Sputnik News reported in 2017

An unusual object of surprising size was spotted potentially crawling across the floor of the Pacific Ocean, some 3,000 feet below the surface. The object has a 2.5-mile diameter and some have speculated that it seems artificial.

The object has apparently left a 41-mile track behind it, as it rolls along the seabed, offshore of the California coast. The tracks almost resemble those left by tank treads.

The object was found on Google Maps by alien hunting and conspiracy-theory group SecureTeam10. "As you're seeing here, we have some very strange lines that almost look like a large vehicle was moving on the bottom of the ocean," said SecureTeam10 member Tyler in a Youtube video.

The article goes on to quote commenters dismissing the claim.

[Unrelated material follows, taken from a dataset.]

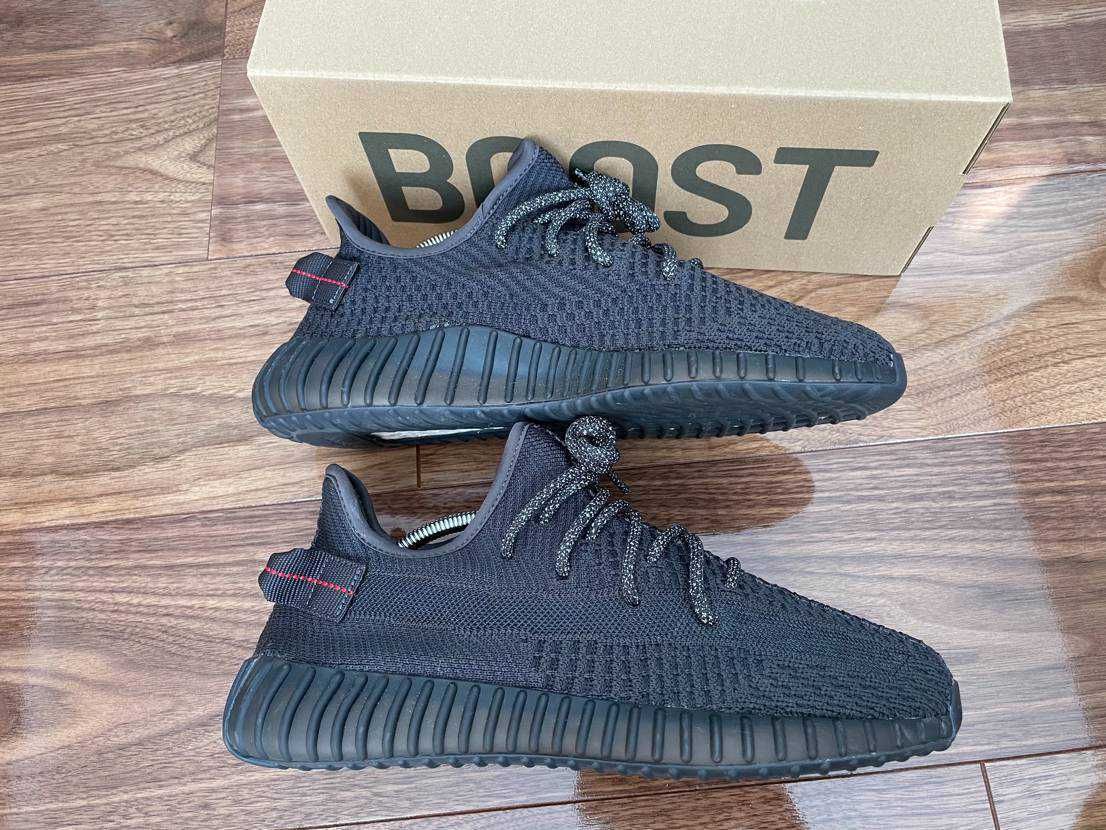 adidas YEEZY Boost 350 V2 "Black"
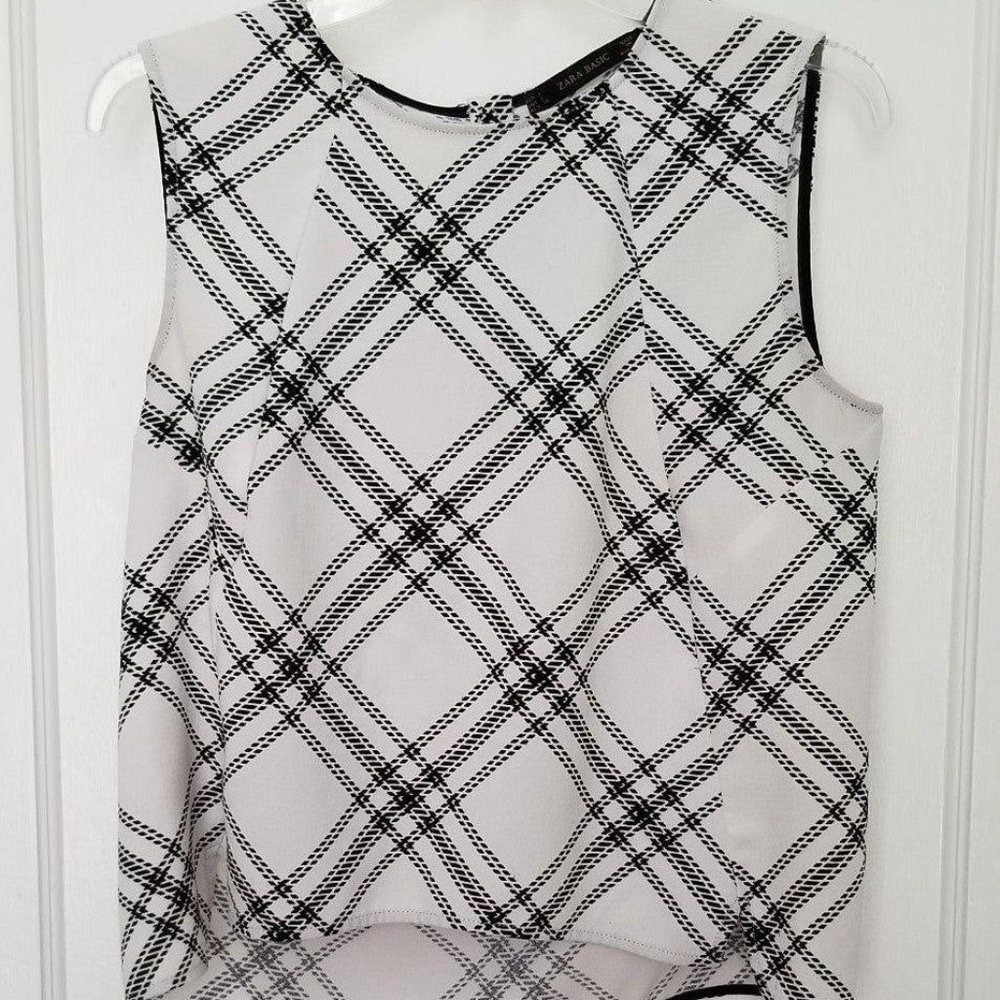 Zara Basic Whit & Black Shell, M/L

Was a large 2.5 mi (4km) wide object found moving on the floor of the Pacific ocean?

  • 9
    The article makes it very obvious that there was no object found, only patterns in elevation data that can be interpreted as — but that have not been positively identified as — "tracks". So — still — no, there has not been any 2.5 mile wide object found. Also I claim that "Sputnik News" is not notable.
    – user32299
    Commented Jan 6, 2019 at 13:20
  • This was also reported on by the Daily Mail. Despite their reputation, they are a notable source, so the claim is notable.
    – Laurel
    Commented Jan 13, 2019 at 0:39
  • Boy, talk about your fake news!! The track is only 2.3 miles wide! Commented Jan 15, 2019 at 2:50

1 Answer 1


The article does not identify the precise location, but there are plenty of apparent subsea tracks resembling those left by tank treads easily identifiable on Google maps. To take an arbitrary example with round co-ordinates, try 35N, 132W between California and Hawaii

These are artefacts cause by high resolution scanning by ships (so typically linear following the ship's course) superimposed on wider low resolution scans using other methods

Google blogged about this in 2009, saying that Atlantis had not been discovered in a case where the tracks appeared to have a particularly regular pattern

Added: It seems that the mystery object in the claim may be near 50N, 140W and the image can be zoomed-in without being any more persuasive, especially if you contrast it with the Badlands Guardian in Alberta

  • 13
    So people looking for stuff left tracks that looked like evidence for stuff. How ... delicious that is.
    – RedSonja
    Commented Jan 6, 2019 at 13:39
  • 6
    No, the tracking does not affect the ocean floor. The difference is caused when combining high and low resolution maps. This is a common resampling issue in computer graphics.
    – Dúthomhas
    Commented Jan 8, 2019 at 18:44
  • @Dúthomhas - I do not know who you are saying "No" to, as neither I nor RedSonja disagree with you
    – Henry
    Commented Jan 8, 2019 at 18:47
  • 9
    @Henry, I am responding to RedSonja's phrasing that suggests that scanning ships are leaving something behind, that is, changing the ocean floor. The intent was to clarify that the tracks are not physical, but in the maps.